Segment Start: Records for this exercise

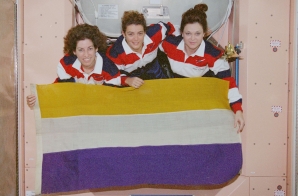 Mission Specialists Ochoa, Payette, and Jernigan with National Women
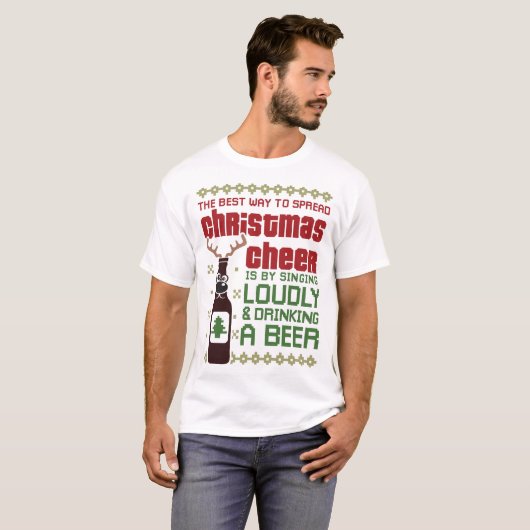Bier - de beste manier om kerstmis te verspreiden t-shirt (Voorkant volledig)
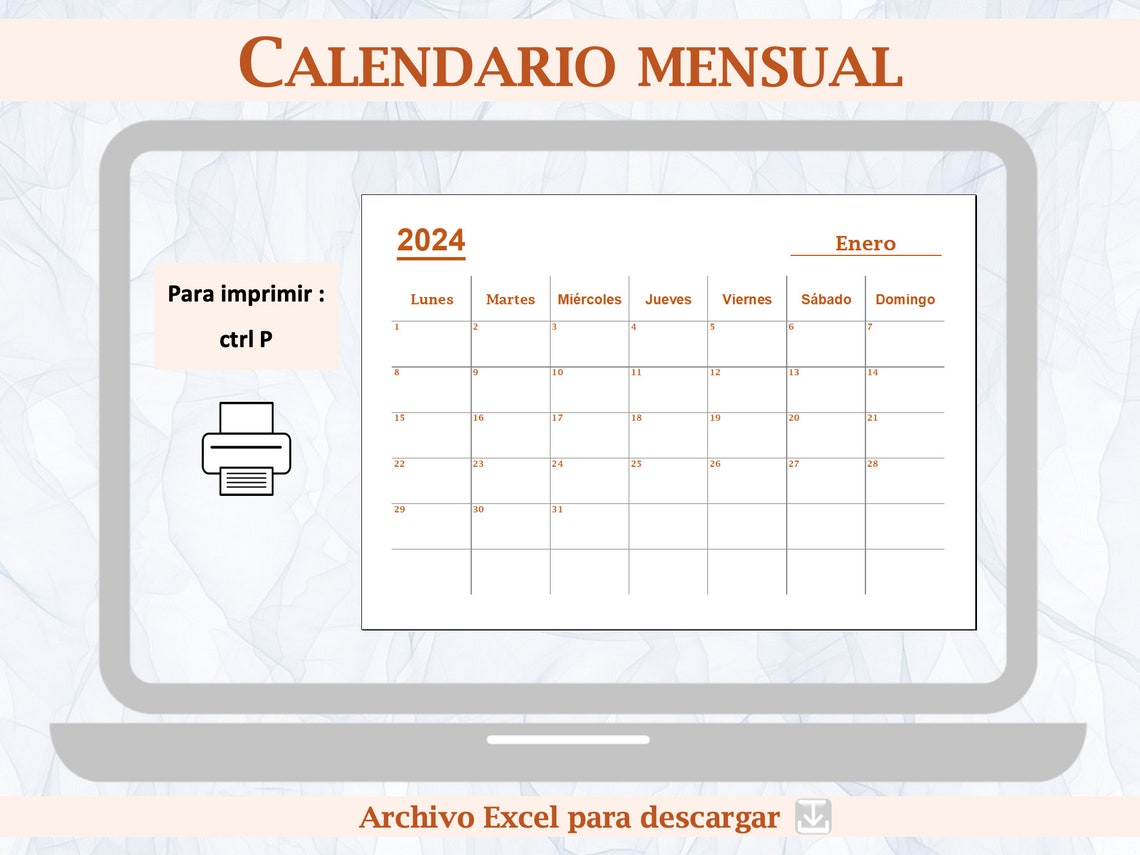 Calendario Mensual / Calendario Mensual 2024 / Calendario Para Imprimir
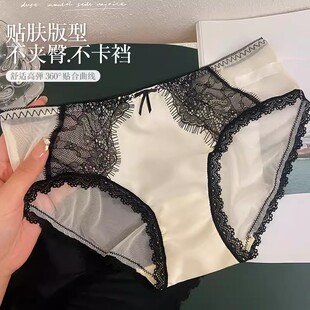 广东普宁汕头美式性感内裤黑色雷蕾丝女士法式缎面抗菌纯棉裆无痕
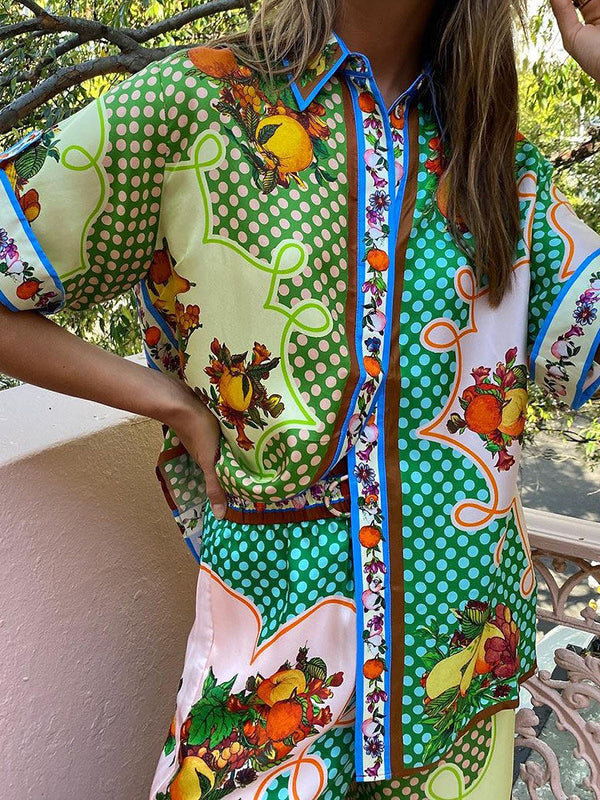 Contrast Color Floral Printed Loose Short Sleeves Lapel Shirt Top&Pants Two Pieces Set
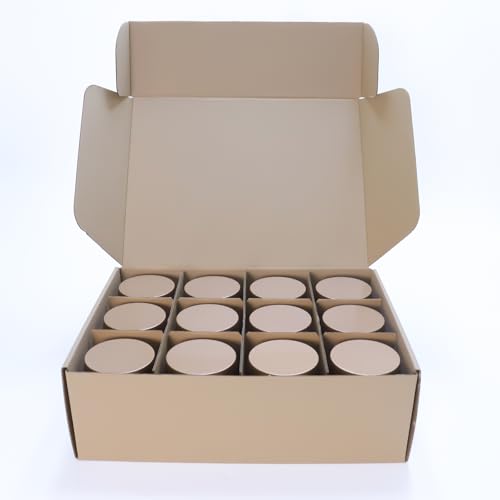 8oz Dark Gold Candle Tins - 24 Pack Metal Containers for DIY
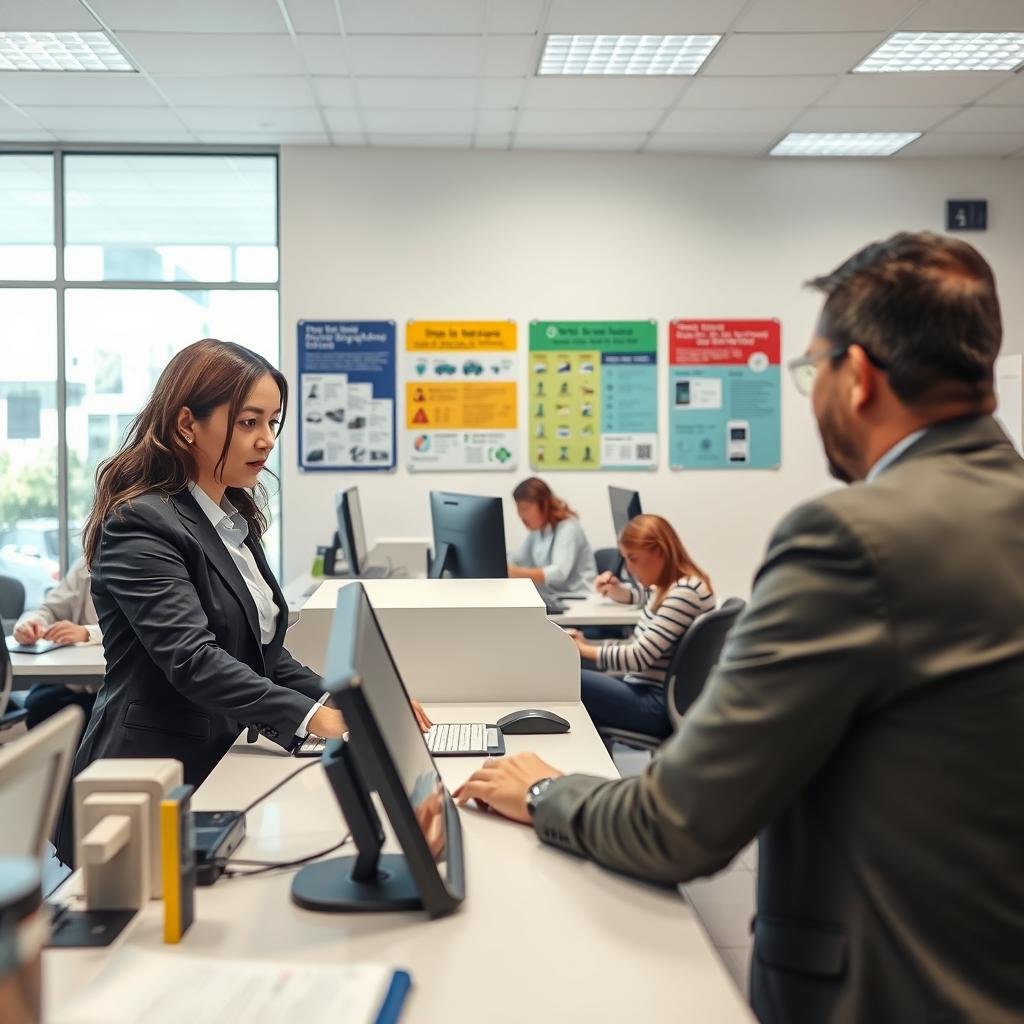 A detailed scene depicting a busy office within the Detran Goiás facility. In the foreground, a professional staff member in business attire is assisting a customer at a reception desk, both engaged in a focused discussion about payment options for IPVA and fines. In the middle ground, several people sit at computers, reviewing their documents, with colorful informational posters about traffic regulations visible on the walls. The background showcases large windows allowing natural light to flood the office, creating a welcoming atmosphere. The overall mood is productive and informative, reflecting the importance of addressing vehicle-related payments and fines. The image should capture clear details of the office environment, with soft lighting to enhance a sense of professionalism.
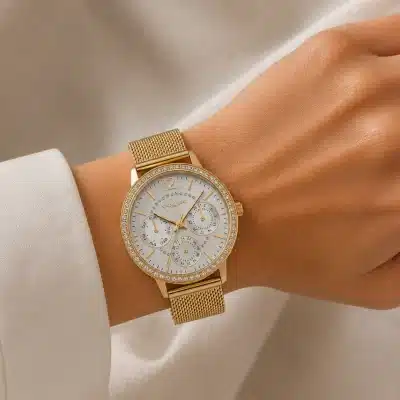 Γυναικείο Χρυσό Ρολόι Vogue – Multifunction με Ημερομηνία 614741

Segment End: Records for this exercise

* Assignment: Reproduce, word for word, the lines from the one containing "Contrast Color Floral" through the final line above. Leave every picture out.

* Result of the task:
 Contrast Color Floral Printed Loose Short Sleeves Lapel Shirt Top&Pants Two Pieces Set
 8oz Dark Gold Candle Tins - 24 Pack Metal Containers for DIY
 A detailed scene depicting a busy office within the Detran Goiás facility. In the foreground, a professional staff member in business attire is assisting a customer at a reception desk, both engaged in a focused discussion about payment options for IPVA and fines. In the middle ground, several people sit at computers, reviewing their documents, with colorful informational posters about traffic regulations visible on the walls. The background showcases large windows allowing natural light to flood the office, creating a welcoming atmosphere. The overall mood is productive and informative, reflecting the importance of addressing vehicle-related payments and fines. The image should capture clear details of the office environment, with soft lighting to enhance a sense of professionalism.
 Γυναικείο Χρυσό Ρολόι Vogue – Multifunction με Ημερομηνία 614741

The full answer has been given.